By Muhammad Luqman
Pakistan and Russia will ink energy related agreements this week on laying an offshore gas pipeline and the North-South liquefied natural gas (LNG) pipeline involving an investment of US $ 10 billion, indicating , indicating a major shift in foreign policy of Islamabad, according to media reports.
Inter State Gas Systems (ISGS) – a state-owned company established to handle gas import matters – is working on different gas pipeline projects and its managing director and the petroleum secretary will be part of the delegation, leaving for Moscow on Sunday (December 20)
ISGS is also working on the $10 billion Turkmenistan, Afghanistan, Pakistan and India (Tapi) gas pipeline to connect South and Central Asia and construction work on the scheme in Pakistan will start in March next year.
These projects , like China-Pakistan Economic Corridor, being called a game changer for Pakistan as they will not only lead to regional connectivity, but will also meet energy needs of the South Asian country.
Amid a long-running tussle with Europe and the United States over the annexation of Ukrainian region of Crimea, Russia is looking for alternative markets and wants to capitalise on the growing demand in South Asia.
Russia, which controls and manages huge gas reserves in energy-rich Iran, plans to export gas by laying an offshore pipeline through Gwadar Port to Pakistan and India, which are seen as alternative markets because Moscow fears it may lose energy consumers in Europe over the Crimea issue, the English daily Express Tribune reported.
Russia has been a big gas exporter to European Union (EU) countries and Turkey since long and despite US anger the European bloc has continued to make imports to meet its energy needs.
Moscow receives gas from Turkmenistan and then exports it to EU states. Later, it has got gas deposits in Iran as well and is looking to gain a foothold in the markets of Pakistan and India.

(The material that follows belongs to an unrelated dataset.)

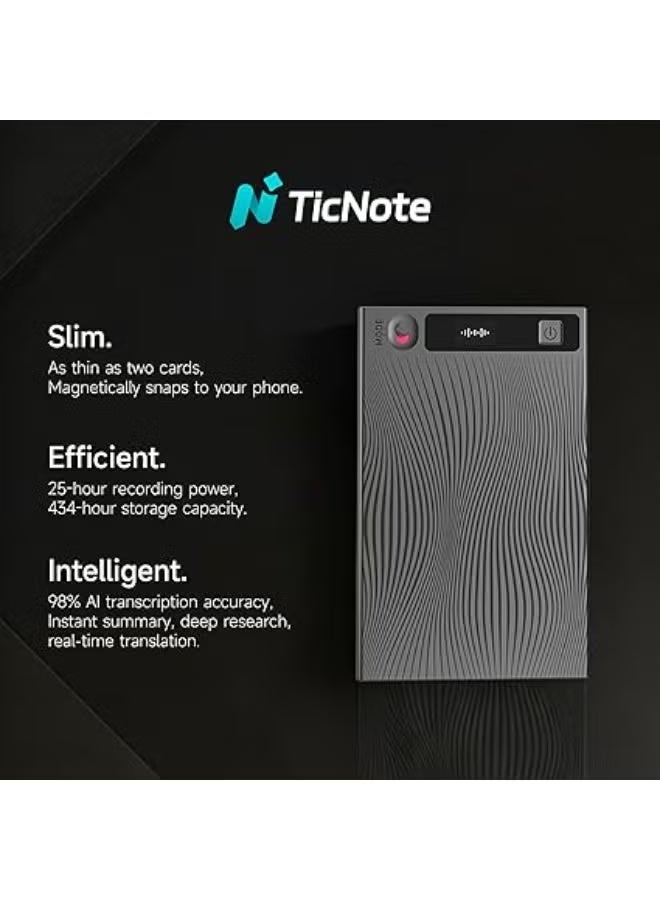 Mobvoi TicNote AI Voice Recorder 64GB Memory Note Recorder w/Case App Control 120+ Languages Transcribe Summarize with AI Shadow Digital Audio Recorder for Phone Calls Lectures Meetings Interviews - Image 3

Earlier, Pakistan and Russia had reached an understanding on signing the offshore gas pipeline agreement during Prime Minister Shahid Khaqan Abbasi’s visit to Sochi, Russia. Now, during the upcoming trip, the two sides are poised to ink memoranda of understanding (MoUs) for the offshore pipeline and the North-South (Lahore-Karachi) LNG pipeline.
Pakistan has been experiencing gas shortages, particularly in winter, for the past one decade as domestic production especially in the South-Western province of Balochistan has stood static with new additions being offset by depleting old deposits.
In a bid to tackle the crisis, the present government previously led by former Prime Minister Nawaz Sharif and now Shahid Khaqan Abbasi has kicked off LNG imports from Qatar under a 15-year agreement two and a half years ago and is bringing supplies through other sources as well.